Diversifying with two or three brands of software will maybe minimize the results, but cannot stop such infections before all vulnerable machines are infected. To limit the infection to "a city or a state" when a sick machine contacts thousands of otehrs, something like 99.9% of the machines must be either "different" (diversity) or "vaccinated" (anti-virus,etc). Unless you are ready to manage diversity by running a thousand different brand of software, the anti-virus route looks much more realistic.
-- Louarnkoz
I see what he's saying about the rare case of viruses. But the alternative to monoculture is having a standard that is poorly implemented by a ton of different programs which all have different bugs, so you can't do anything anywhere.
If you need an example, just try looking at HTML/CSS/JavaScript. You can write code that is completely standards-compliant and have it look different in each of IE, FireFox, Opera, and Safari. If the same thing happens with the Open Document format, everyone will be devoting 50% of document-writing time to portability testing/hacking just as we have to do with web-dev time now.
Given the choice, I'd prefer to have standards that are IMPLEMENTED and fight viruses by... fighting viruses.
It's easy to predict what has happened thousands of times before. It's hard to predict the future.
Retraining won't be a problem. You just need to have computer literate employees. :-)
Is the problem that we have a monoculture, or is it the quality level of that monoculture, or is it that we don't have barriers and quarantines to limit damage?
Thought experiment #1: you have a choice of a diverse world where Apple, Microsoft, Sun and everyone else has written their own sshd, or a monoculture world where everyone runs OpenSSH. Which would you choose?
Thought experiment #2: how worried would you be about monoculture if the operating system on 95% of computers were OpenBSD? SELinux?
Thought experiment #3: before malware enters your body it has to run the gamut of being stuck to mucus and swept out, being sneezed out or coughed out, being hammered by natural antibiotics, being dropped in acid, and potentially being expelled from the digestive tract if found to be toxic. Do our computers have an equal or similar level of protection against unfriendly programs?
This particular vulnerability was discovered when it was attempted to be used on a highly specific target. This was not your typical 0-day worm or anything, not even close. Targeted attacks will use any vector they can to get in - it may as well have been Winamp or any other program.
So which came first again?
The chicken or the egg?
I predict that because of ... monoculture... whatever... err microbiology, nanoparticles and so on, a virus for Vista will be created.
That's it. In one year Slashdot will write about me and my amazing prediction came true, how the hell I can be so smart to ever guess this coming?!
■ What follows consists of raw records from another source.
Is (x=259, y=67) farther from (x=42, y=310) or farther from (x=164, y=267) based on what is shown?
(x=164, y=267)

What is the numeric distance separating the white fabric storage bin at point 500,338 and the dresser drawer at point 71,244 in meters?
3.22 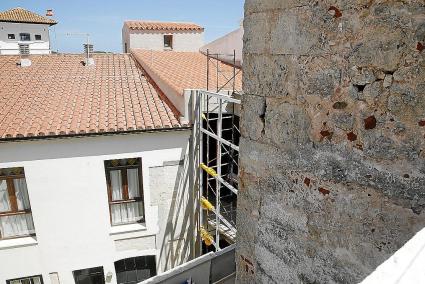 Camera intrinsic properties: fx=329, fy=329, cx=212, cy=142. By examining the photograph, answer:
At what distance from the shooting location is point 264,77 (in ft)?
5.99

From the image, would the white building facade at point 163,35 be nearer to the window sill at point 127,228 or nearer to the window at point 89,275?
the window sill at point 127,228

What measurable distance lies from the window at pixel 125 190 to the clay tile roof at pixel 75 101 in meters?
0.97

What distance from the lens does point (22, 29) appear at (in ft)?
96.5

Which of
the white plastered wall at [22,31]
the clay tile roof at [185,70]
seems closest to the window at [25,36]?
the white plastered wall at [22,31]

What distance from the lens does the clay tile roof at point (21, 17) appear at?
93.6ft

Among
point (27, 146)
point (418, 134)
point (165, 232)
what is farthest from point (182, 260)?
point (418, 134)

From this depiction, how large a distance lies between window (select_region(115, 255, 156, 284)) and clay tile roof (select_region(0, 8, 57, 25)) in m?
28.5

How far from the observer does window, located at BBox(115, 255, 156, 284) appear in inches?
325

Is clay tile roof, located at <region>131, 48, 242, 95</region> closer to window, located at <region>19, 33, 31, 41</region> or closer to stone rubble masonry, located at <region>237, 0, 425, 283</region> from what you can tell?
stone rubble masonry, located at <region>237, 0, 425, 283</region>

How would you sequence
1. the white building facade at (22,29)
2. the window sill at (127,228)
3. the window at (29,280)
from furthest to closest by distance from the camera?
the white building facade at (22,29), the window sill at (127,228), the window at (29,280)

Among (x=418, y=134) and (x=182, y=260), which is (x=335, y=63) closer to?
(x=418, y=134)

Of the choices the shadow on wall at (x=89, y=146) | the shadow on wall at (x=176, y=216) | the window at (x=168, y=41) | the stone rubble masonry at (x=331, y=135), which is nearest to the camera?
the stone rubble masonry at (x=331, y=135)

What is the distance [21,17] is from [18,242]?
28.6m

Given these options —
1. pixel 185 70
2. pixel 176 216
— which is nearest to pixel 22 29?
pixel 185 70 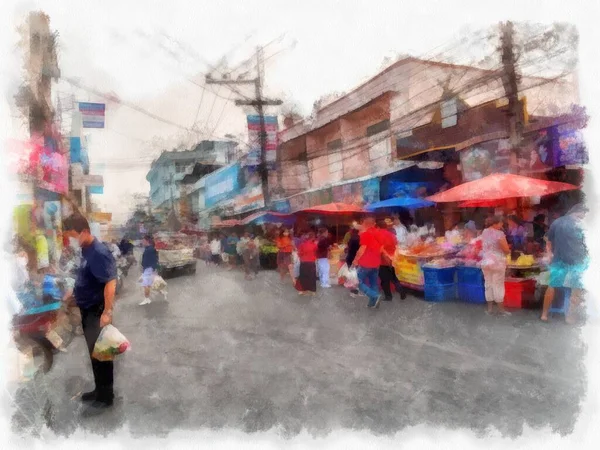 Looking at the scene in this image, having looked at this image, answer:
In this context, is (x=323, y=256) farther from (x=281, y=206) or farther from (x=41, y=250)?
(x=41, y=250)

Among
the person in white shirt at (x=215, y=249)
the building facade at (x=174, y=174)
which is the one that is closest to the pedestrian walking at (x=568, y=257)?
the building facade at (x=174, y=174)

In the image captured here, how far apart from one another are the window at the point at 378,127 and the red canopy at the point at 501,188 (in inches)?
49.2

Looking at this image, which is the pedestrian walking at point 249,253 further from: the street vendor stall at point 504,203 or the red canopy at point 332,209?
the street vendor stall at point 504,203

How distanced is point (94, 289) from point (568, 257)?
15.3ft

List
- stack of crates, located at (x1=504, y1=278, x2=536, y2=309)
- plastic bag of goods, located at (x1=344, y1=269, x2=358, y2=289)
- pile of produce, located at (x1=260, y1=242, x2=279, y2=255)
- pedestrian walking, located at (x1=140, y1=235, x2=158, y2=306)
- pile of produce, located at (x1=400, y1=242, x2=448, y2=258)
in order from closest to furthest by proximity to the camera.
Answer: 1. pedestrian walking, located at (x1=140, y1=235, x2=158, y2=306)
2. stack of crates, located at (x1=504, y1=278, x2=536, y2=309)
3. pile of produce, located at (x1=400, y1=242, x2=448, y2=258)
4. plastic bag of goods, located at (x1=344, y1=269, x2=358, y2=289)
5. pile of produce, located at (x1=260, y1=242, x2=279, y2=255)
I think you meant to say "the less obvious future" there, otherwise your first clause contradicts the second.
Isn't it the MS Product Management culture?
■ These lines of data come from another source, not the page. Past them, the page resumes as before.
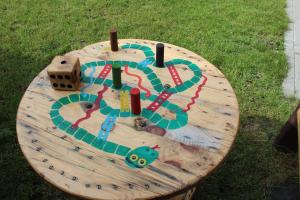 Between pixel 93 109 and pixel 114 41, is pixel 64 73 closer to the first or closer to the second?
pixel 93 109

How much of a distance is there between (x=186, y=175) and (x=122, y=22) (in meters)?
3.11

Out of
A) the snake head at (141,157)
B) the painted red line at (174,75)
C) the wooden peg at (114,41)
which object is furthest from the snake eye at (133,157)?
the wooden peg at (114,41)

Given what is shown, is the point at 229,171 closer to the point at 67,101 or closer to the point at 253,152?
the point at 253,152

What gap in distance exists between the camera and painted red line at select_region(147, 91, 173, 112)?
83.5 inches

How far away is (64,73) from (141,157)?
28.5 inches

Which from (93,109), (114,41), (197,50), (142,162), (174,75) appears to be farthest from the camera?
(197,50)

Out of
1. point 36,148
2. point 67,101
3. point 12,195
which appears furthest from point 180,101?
point 12,195

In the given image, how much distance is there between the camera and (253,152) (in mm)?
2982

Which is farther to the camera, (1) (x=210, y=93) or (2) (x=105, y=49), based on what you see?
(2) (x=105, y=49)

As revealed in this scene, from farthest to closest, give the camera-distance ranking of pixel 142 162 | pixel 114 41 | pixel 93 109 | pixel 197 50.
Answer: pixel 197 50, pixel 114 41, pixel 93 109, pixel 142 162

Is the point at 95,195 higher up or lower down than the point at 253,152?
higher up

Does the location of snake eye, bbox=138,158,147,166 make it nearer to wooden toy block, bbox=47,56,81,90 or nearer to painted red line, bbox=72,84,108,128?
painted red line, bbox=72,84,108,128

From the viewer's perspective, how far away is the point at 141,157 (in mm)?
1825

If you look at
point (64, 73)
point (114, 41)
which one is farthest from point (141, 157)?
point (114, 41) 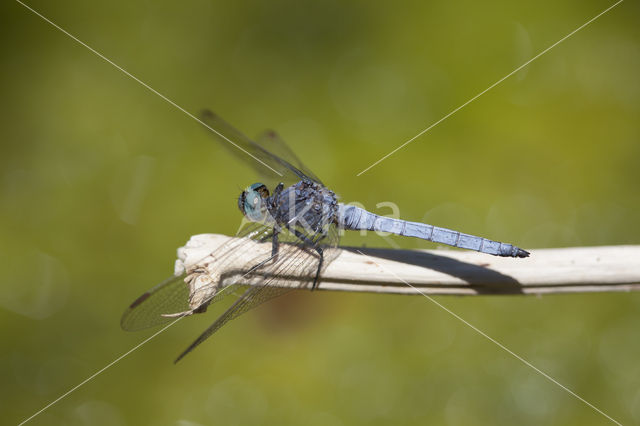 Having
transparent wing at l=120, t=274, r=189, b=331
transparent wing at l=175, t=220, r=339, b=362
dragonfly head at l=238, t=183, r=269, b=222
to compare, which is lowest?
transparent wing at l=120, t=274, r=189, b=331

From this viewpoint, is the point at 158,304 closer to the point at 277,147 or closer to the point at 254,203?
the point at 254,203

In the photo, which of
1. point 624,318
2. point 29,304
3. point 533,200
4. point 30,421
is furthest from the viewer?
point 533,200

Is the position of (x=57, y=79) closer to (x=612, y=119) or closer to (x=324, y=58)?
→ (x=324, y=58)

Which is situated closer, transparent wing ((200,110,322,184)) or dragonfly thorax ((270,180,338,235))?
dragonfly thorax ((270,180,338,235))

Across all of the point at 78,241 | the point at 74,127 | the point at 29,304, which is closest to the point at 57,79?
the point at 74,127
You have a PM who is measured on sales. Sales by now are hugely upgrades. The only way to motivate upgrades is new features. So you introduce them, whether they are really needed or wanted, or not. They are then heavily used by the salespeople, before the sale, selling to people who are not the end users of those features.
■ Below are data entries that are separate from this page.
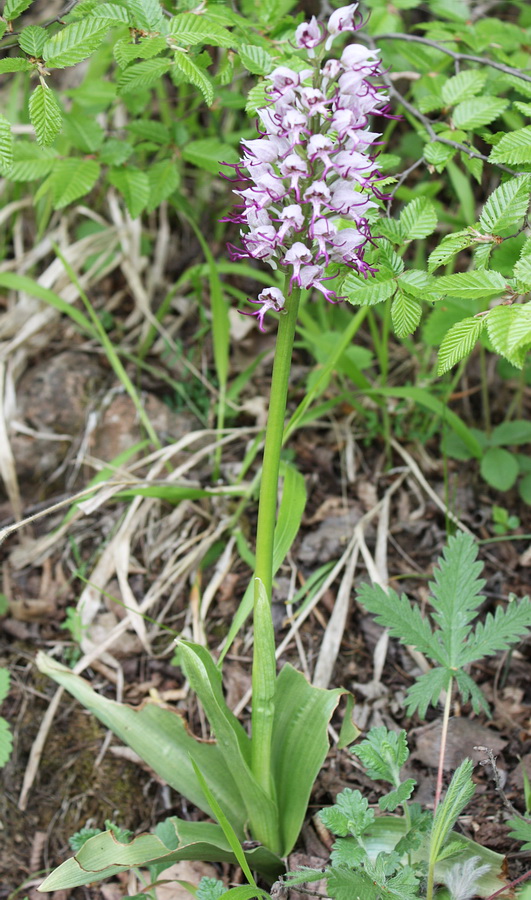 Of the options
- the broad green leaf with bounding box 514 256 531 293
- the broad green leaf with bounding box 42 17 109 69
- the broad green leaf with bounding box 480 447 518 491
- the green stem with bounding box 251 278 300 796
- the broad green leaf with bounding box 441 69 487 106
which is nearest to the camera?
the broad green leaf with bounding box 514 256 531 293

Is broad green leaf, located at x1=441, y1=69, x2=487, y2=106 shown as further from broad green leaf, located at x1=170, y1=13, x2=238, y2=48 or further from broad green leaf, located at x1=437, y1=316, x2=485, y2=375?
broad green leaf, located at x1=437, y1=316, x2=485, y2=375

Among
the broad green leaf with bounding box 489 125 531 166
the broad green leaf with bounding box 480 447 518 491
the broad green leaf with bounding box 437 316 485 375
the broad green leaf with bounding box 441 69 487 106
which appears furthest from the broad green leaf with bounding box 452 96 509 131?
the broad green leaf with bounding box 480 447 518 491

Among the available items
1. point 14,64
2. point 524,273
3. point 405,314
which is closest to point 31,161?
point 14,64

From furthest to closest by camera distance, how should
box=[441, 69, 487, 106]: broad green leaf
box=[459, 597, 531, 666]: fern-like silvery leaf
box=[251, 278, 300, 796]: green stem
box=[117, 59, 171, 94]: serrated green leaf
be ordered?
box=[441, 69, 487, 106]: broad green leaf < box=[117, 59, 171, 94]: serrated green leaf < box=[459, 597, 531, 666]: fern-like silvery leaf < box=[251, 278, 300, 796]: green stem

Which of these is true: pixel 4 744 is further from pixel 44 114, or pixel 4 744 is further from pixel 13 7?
pixel 13 7

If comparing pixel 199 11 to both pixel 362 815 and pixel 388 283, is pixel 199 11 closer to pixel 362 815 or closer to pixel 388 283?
pixel 388 283

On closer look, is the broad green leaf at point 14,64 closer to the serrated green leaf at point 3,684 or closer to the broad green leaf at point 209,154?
the broad green leaf at point 209,154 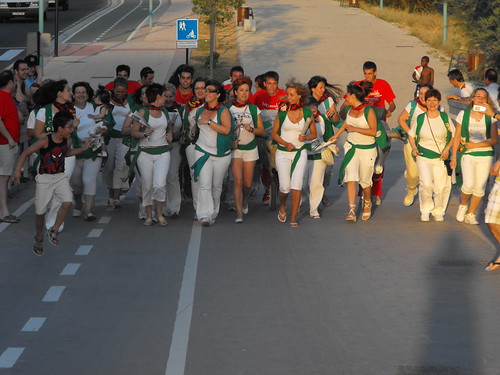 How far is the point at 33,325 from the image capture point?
9.73 m

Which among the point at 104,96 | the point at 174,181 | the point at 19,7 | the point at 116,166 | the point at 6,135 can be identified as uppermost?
the point at 104,96

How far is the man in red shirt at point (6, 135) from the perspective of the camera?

And so it comes about that IT buys, and what the ordinary user thinks of as a glorified on screen typewriter actually becomes, via Word macros, a powerful if flawed programming language, and what the end user thinks of as a document becomes a program that can wipe his hard drive or change anything at all on his machine it chooses.
This is not about mono culture versus poly. If you had twenty different PMs behaving like this across the whole industry, it would be as bad or worse. Its about feature driven business models in areas where the buyer is not a sophisticated end user of the products. IT buys Office. What does IT really know about using Word to write? Hosts of features can be sold to IT that could never be sold to the people who use the stuff....
How in God's name would you switch a from MySQL to PostgreSQL to Oracle to MS SQL or to anything. Have you ever actually written a real database application?
Seriously, the amount of time spent switching between any of these system is drastic. For a typical, small database application, there is probably 20k-50k lines of stored procedures. All the different vendors have their own SQL proceedures.
How about securing the databases. I'd love to see how anyone could possibly say that the administration of a transition could possibly be an option. If your problem was MySQL security to begin with, how can you possibly suggest that switching to another database could be easy. The simple administration cost of securing a new server, especially with an existing dataset that was previously developed to be secured on another SQL server would be tremendous.
Switching between PHP and Perl, hehe come on now... I won't even bother wasting my time on this one.
Linux and Solaris.... if you have a security issue on one, you have a security issue on both. The fact is that the majority of security bugs that would be related to these is due to servers that are either not kept up to date or due to zero-day exploits. Both server systems are actively hacked and are high level targets for crackers. It doesn't matter which you use, you have to update both pretty much the same way, switching is a waste of time and money.
So, if you were to reason that the original posters comment was regarding the monoculture of PHP/MySQL/Linux, well I'll make it simple....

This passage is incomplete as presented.